Machine designed to study life in the universe

The Planet Simulator, also known as the Planetary Simulator, is a climate-controlled simulation chamber designed to aid in the study of the origin of life. The device was announced by researchers at McMaster University on behalf of the Origins Institute on 4 October 2018. The project began in 2012 and was funded with $1 million from the Canada Foundation for Innovation, the Ontario government, and McMaster University. It was built and manufactured by Angstrom Engineering Inc of Kitchener, Ontario.

The device was designed and developed by biophysicist Maikel Rheinstadter and co-principal investigators biochemist Yingfu Li and astrophysicist Ralph Pudritz for researchers to study a theory that suggests life on early Earth began in "warm little ponds" rather than in deep ocean vents nearly four billion years ago.
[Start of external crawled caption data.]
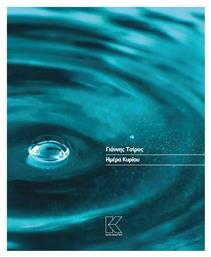 Ημέρα Κυρίου - Κάπα Εκδοτική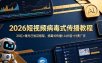 2026短视频病毒式传播教程：20亿+曝光已验证框架，病毒式传播+AI内容+付费广告
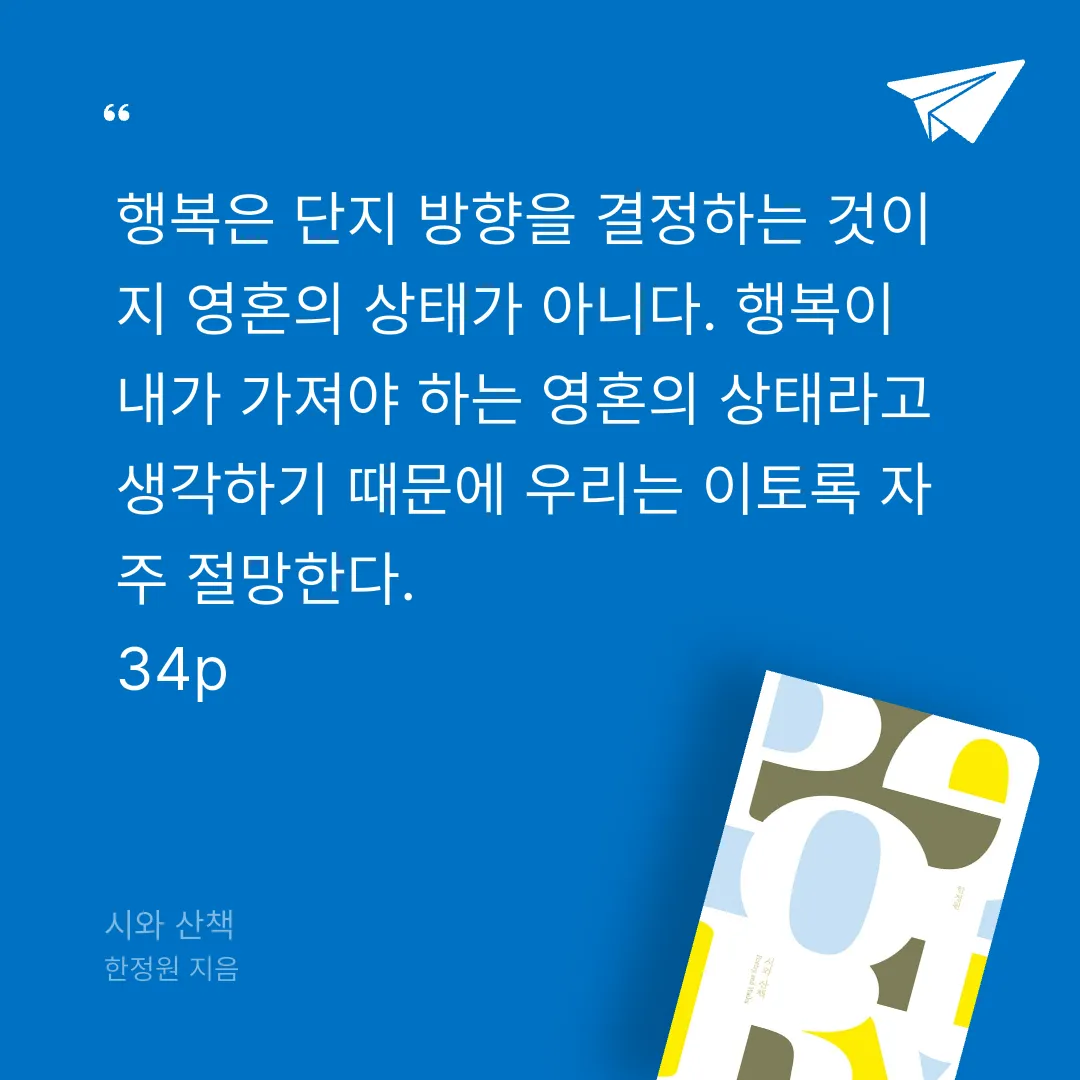 취미는북맥님의 시와 산책 게시물 이미지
The device is able to recreate conditions of the primitive Earth to see whether cellular life can be created, and then later, evolve.

The Planet Simulator has the ability to mimic the environmental conditions consistent on the early Earth and other astronomical bodies, including other planets and exoplanets by controlling temperature, humidity, pressure, atmosphere and radiation levels within the simulation chamber.

In 2021, Lynn J. Rothschild visited McMaster to collaborate with the Origins of Life Laboratory and use the Planet Simulator to conduct research on whether mycelium could be grown as structural habitat material on the moon or Mars.